Her piece was built around a proposed city of San Francisco initiative that a judge ultimately struck from last November’s ballot after determining that health issues were the province of the state, not municipalities. A German court this summer this year ruled that circumcision based on religion and not a compelling medical reason amounted to “bodily harm,” and banned the practice in the Cologne area; predictable umbrage ensued. (Less predictably, the Bundespost intends to release a stamp showing a page from the New Testament that described Jesus’ circumcision. The commemorative, since you ask, was designed to honor the 200th anniversary of the German Bible Society.)
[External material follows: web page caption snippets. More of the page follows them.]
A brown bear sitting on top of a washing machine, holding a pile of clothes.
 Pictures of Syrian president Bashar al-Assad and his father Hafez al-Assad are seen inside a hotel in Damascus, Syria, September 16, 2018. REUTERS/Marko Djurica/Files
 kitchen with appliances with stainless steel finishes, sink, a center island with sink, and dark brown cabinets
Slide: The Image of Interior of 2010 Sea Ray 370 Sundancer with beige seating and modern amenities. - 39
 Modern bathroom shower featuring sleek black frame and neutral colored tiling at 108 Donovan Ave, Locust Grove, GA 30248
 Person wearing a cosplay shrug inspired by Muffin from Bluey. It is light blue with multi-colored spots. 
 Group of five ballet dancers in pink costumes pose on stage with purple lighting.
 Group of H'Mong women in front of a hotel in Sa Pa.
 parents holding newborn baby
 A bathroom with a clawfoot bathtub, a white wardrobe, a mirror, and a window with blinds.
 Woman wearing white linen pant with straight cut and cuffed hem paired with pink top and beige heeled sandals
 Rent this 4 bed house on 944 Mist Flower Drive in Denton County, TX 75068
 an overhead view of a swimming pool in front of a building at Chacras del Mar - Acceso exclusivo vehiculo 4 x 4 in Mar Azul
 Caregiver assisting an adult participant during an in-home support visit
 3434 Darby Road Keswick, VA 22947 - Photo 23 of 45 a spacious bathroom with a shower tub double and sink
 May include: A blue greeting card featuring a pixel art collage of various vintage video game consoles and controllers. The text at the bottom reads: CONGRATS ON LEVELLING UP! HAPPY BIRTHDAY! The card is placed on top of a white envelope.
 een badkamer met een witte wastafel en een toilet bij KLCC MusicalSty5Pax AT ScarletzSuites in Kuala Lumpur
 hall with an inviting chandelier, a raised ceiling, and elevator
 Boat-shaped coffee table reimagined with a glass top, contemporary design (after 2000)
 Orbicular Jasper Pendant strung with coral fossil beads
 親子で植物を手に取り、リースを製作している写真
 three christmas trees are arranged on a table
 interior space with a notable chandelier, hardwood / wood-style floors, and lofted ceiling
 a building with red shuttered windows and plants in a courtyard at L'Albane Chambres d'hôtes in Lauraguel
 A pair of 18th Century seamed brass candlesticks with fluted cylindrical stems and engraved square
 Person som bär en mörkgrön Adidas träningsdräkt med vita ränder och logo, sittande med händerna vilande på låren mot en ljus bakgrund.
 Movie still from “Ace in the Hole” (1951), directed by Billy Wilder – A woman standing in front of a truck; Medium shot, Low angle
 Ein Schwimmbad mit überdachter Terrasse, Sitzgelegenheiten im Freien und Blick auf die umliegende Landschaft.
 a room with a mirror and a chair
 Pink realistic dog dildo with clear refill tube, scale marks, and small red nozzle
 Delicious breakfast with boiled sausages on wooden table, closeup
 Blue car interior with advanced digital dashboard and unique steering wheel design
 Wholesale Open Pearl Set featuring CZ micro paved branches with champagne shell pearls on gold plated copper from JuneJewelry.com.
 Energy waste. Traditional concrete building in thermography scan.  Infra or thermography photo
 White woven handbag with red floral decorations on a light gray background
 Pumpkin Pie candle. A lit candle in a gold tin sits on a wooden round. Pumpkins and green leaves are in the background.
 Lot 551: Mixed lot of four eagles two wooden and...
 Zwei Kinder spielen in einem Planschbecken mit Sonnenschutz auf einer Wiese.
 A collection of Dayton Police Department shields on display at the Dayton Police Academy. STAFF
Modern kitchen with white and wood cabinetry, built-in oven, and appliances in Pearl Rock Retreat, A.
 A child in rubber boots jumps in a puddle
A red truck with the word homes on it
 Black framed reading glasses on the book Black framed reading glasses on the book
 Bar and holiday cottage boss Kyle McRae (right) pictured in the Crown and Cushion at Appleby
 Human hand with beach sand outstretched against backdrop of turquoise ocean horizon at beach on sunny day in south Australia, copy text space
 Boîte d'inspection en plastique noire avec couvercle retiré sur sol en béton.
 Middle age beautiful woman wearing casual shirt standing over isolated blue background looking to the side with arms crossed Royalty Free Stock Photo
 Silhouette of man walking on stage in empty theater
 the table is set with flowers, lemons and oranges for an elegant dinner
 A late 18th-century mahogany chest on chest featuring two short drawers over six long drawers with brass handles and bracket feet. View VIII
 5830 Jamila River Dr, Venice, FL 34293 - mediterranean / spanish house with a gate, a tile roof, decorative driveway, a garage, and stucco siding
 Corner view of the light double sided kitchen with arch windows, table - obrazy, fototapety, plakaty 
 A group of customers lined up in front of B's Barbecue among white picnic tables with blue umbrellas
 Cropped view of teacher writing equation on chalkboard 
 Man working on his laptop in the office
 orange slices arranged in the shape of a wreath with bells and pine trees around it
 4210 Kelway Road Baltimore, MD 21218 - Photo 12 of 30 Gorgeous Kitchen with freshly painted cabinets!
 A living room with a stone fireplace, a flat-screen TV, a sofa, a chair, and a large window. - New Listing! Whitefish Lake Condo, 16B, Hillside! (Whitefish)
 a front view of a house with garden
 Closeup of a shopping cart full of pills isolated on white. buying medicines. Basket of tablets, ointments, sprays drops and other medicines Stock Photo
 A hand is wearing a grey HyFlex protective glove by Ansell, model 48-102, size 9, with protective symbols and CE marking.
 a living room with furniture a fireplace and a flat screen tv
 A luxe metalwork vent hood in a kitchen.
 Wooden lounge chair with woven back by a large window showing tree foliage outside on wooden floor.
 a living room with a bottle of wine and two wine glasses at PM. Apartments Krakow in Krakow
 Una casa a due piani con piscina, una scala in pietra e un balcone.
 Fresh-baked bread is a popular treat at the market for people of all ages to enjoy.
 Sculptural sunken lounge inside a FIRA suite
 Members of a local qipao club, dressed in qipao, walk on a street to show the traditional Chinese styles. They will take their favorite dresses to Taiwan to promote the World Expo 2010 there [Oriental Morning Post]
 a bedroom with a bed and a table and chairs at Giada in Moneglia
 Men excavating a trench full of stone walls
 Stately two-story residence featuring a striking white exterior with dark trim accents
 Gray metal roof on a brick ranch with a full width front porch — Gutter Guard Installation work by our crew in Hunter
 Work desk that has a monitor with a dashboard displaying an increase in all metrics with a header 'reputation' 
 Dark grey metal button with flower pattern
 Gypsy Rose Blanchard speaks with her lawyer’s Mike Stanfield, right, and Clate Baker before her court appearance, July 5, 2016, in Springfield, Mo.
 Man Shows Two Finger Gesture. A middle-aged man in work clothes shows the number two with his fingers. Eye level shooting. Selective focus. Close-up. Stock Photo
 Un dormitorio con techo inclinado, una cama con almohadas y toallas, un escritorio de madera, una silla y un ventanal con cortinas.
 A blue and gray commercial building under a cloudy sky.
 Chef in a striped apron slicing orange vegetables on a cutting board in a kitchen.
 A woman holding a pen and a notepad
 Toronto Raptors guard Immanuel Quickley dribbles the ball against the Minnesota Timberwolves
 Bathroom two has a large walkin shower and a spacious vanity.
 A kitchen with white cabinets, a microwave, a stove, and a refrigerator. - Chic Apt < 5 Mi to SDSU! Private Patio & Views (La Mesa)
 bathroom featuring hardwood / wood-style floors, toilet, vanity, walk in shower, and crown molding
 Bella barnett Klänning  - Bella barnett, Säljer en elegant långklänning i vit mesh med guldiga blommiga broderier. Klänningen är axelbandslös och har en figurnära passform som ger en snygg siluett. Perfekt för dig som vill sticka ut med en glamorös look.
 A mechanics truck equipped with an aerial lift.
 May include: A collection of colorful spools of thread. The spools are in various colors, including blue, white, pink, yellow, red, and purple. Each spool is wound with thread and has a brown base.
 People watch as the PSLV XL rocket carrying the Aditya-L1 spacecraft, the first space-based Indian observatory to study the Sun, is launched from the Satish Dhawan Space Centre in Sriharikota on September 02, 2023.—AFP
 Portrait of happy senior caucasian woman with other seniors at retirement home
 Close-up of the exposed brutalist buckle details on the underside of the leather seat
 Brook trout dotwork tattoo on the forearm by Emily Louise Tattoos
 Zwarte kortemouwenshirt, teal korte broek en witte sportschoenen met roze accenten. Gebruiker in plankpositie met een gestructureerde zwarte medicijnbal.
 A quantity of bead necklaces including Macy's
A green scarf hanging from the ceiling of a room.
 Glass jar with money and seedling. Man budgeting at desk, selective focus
The argument over circumcision came to a head, so to speak, last week when the Archives of Pediatrics & Adolescent Medicine published a paper that reported lower rates of circumcision would mean more infections and thus greater health costs for both men and women, an alarming finding given that the U.S. male circumcision rate has fallen from 79 percent to 55 percent since 1992. Today, the American Academy of Pediatrics released new guidelines that backed availability of circumcision for baby boys. In a policy statement accompanying its guidelines, the organization said:

Benefits include significant reductions in the risk of urinary tract infection in the first year of life and, subsequently, in the risk of heterosexual acquisition of HIV and the transmission of other sexually transmitted infections. … Although health benefits are not great enough to recommend routine circumcision for all male newborns, the benefits of circumcision are sufficient to justify access to this procedure for families choosing it and to warrant third-party payment for circumcision of male newborns.

Not quite the same as calling its a "surgical AIDS vaccine," but not that far off.